Beberapa etika yang dapat kita temukan dalam kehidupan legislatif adalah sebagai berikut (Thompson,
2002):

1. Etika minimalis
Daya tarik dari etika minimalis yaitu mengharamkan hanya satu bidang kecil perilaku, dan
menentukan aturan-aturan yang relatif obyektif yang dapat diterima oleh legislator yang tidak
menyepakati moral fundamental dan nilai-nilai poltis. Etika ini tidak mendiktekan peran khusus
apapun atau teori politik substantif apapun yang karenanya anggota dewan harus bertindak.
Etika ini bicara soal kemungkinan konflik kepentingan dari anggota dewan terkait dengan
tugasnya, misalnya mendapatkan atau mencari untuk dari produk perundangan-undangan.

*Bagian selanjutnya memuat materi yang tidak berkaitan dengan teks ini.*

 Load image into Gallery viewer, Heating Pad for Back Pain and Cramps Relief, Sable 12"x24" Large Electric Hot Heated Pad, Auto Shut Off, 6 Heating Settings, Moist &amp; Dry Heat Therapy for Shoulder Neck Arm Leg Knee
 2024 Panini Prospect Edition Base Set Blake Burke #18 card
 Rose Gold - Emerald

Sehingga, wujud darietika minimalisantara lain adanya kode etik bagi anggota dewan.
2. Etika fungsionalis
Tempat alamiah untuk mencari instruksi tentang peran legislator adalah dalam tradisi teori
politik, khususnya dalam teori perwalian (trustee) dan delegasi tentang representasi. Tradisi itu
menawarkan sumber terbaik untuk apa yang disebut basis fungsionalis bagi etika legislatif. Etika
tersebut mendefinisikan tugas-tugas legislator dalam lingkup fungsi mereka sebagai wakil
rakyat. Mereka yakin bahwa mereka berpikir seperti pikiran konstituen mereka, dan tidak
melihat pokok persoalan yang membedakan antara melaksanakan penilaian mereka sendiri dan
mengikuti keinginan konstituen
3. Etika rasionalis

Para rasionalis melandaskan etika legislatif pada prinsip hakiki tentang teori politik, seperti keadilan,
kebebasan, atau kebaikan bersama (bonum commune). Etika rasionalis lebih koheren dibanding
larangan-larangan dari etika minimalis. Prinsip-prinsip ini lebih tahan terhadap keanekaragaman yang
dimanifestasikan oleh resep-resep fungsionalis karena keabsahan mereka tidak terlalu tergantung pada
apa yang dilakukan oleh legislator lain, atau apa yang terjadi dalam sistem legislative.